Caroline Robert moved on to be a chaplain at Portsmouth, 1783–97, and then rector of East Woodhay with Ashmansworth, Hampshire, until his death in 1814. He had acquired a Cambridge LLB in 1787, and left some plate to Clare College. Oh, and his godmother was Queen Caroline, though I am guessing (but who knows?) that his friends called him ‘Bob’ rather than ‘Carrie’.
What Caroline Robert was not, however, was a botanist, unlike his nephew William. Caroline Robert was the younger brother of Henry Herbert (1741–1811), first earl of Carnarvon (the title being a nod, presumably, to the Welsh origins of the Herbert family – he was a grandson of the eighth earl of Pembroke), who had the good fortune to inherit Highclere Castle, where William was born, from an uncle. (It is probably not a coincidence that, although barely being in Hampshire at all (West Roundhay is in Berkshire), East Roundhay is the next parish to Highclere.)

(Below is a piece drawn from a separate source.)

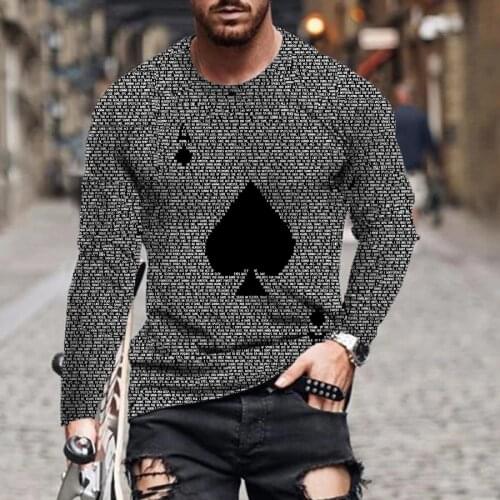 European and American fashion mens long-sleeved playing cards printing mens autumn and winter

William Herbert was the third son (fifth child) of the earl, and therefore not likely to inherit anything except wealth. After Eton, he went to Christ Church Oxford, matriculating in 1795, but graduating BA from Exeter on 1798; he then moved on to Merton for his MA (he later racked up BCL in 1808, DCL in 1808, and BD in 1840). He resembled his uncle in that the church was not his first career choice: he became an MP for Hampshire (1806–7, ‘after a very expensive campaign’, as the ONDB almost cynically remarks), and later (1811–12) for Cricklade in Wiltshire. However, in 1814, he was ordained, and given the valuable rectory of Spofforth in the West Riding of Yorkshire by another uncle, the earl of Egremont, later being preferred to the deanery of Manchester.

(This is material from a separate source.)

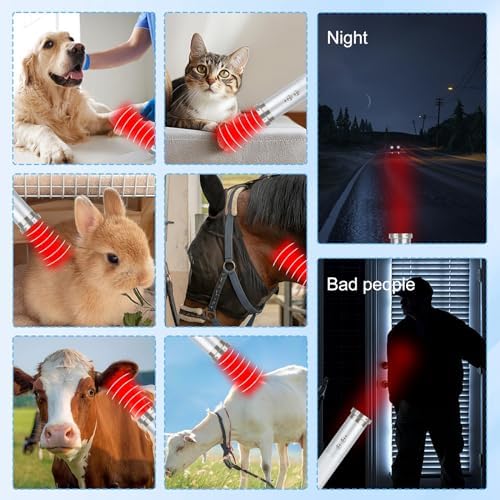 Vet Near Red Light Therapy Device for Dogs Pain Relief, 4400mAh Cat Cold Sore Blue Light Treatment Machine Pet Lip Nasal Ear Mouth Oral Canker Sore Leg Knee Back Joint Muscle Relax at Home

So far, so relatively predictable – including his output of Greek and Latin poetry, and translations from Icelandic and other poems (he even gets a barbed name-check from Byron). Less obvious is his interest in natural history.

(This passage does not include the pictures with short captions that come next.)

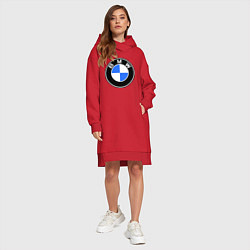 Женское худи-платье Logo BMW, цвет: красный — фото 2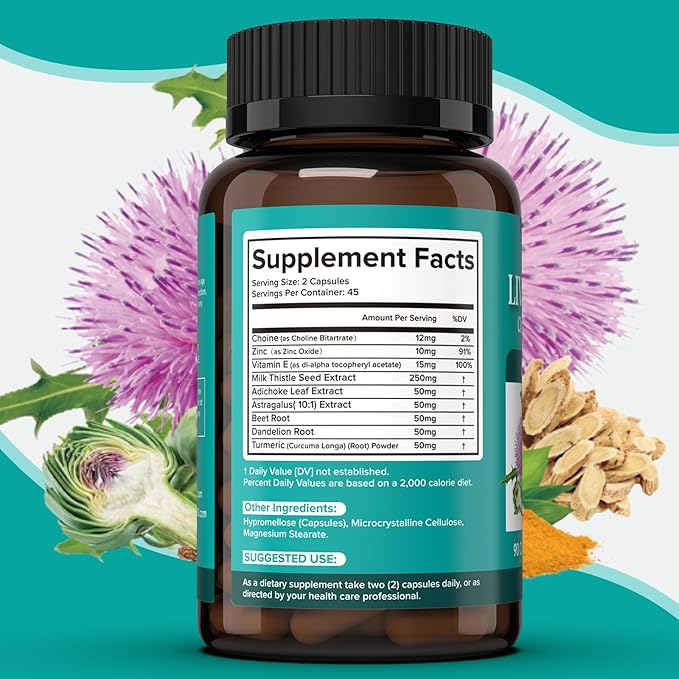 Milk Thistle Supplement - Liver Detox Cleanse Formula Herbal Liver Support with Milk Thistle, Dandelion Root, Artichoke, Turmeric, Astragalus for Liver Health, 90 Capsules-73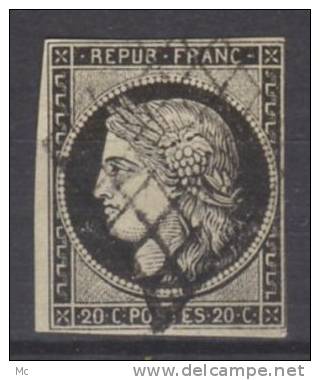 France  N° 3 Oblitéré ° - 1849-1850 Cérès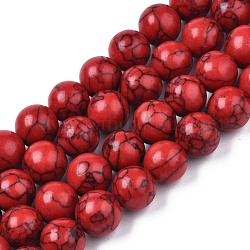 Chapelets de perles rondes en pierre de turquoise synthétique, teinte, rouge, 9.5~10mm, Trou: 1.4mm, Environ 38 pcs/chapelet, 14.57 pouce ~ 14.76 pouces (37~37.5 cm)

He was a good shot (lots of specimens acquired that way …) but he also helped to edit the 1833 and 1837 editions of Gilbert White’s Natural History and Antiquities of Selborne, in the County of Southampton. But his big thing was bulbs, and specifically the Amaryllidaceae, on which he published a short but very detailed treatise appended to vol. 7 of the Botanical Register in 1821 and an important and still useful monograph (with 48 plates drawn by himself) in 1837, two of the most interesting aspects of which are his remarks on his methods of raising the plants, and his note of the freedom with which they cross-fertilise. (His importance to this field of horticulture is also noted at some length in Hortus Veitchii.)
He also produced a History of the Species of Crocus, edited after his death by the great John Lindley and published in 1847.
At this point, I modestly introduce one of ‘my’ hippeastrums – mine because I have succeeded in making it flower for a third year running. (Note that I have achieved this only with the most boring (for a Hippeastrum, that is) colour of all, however.)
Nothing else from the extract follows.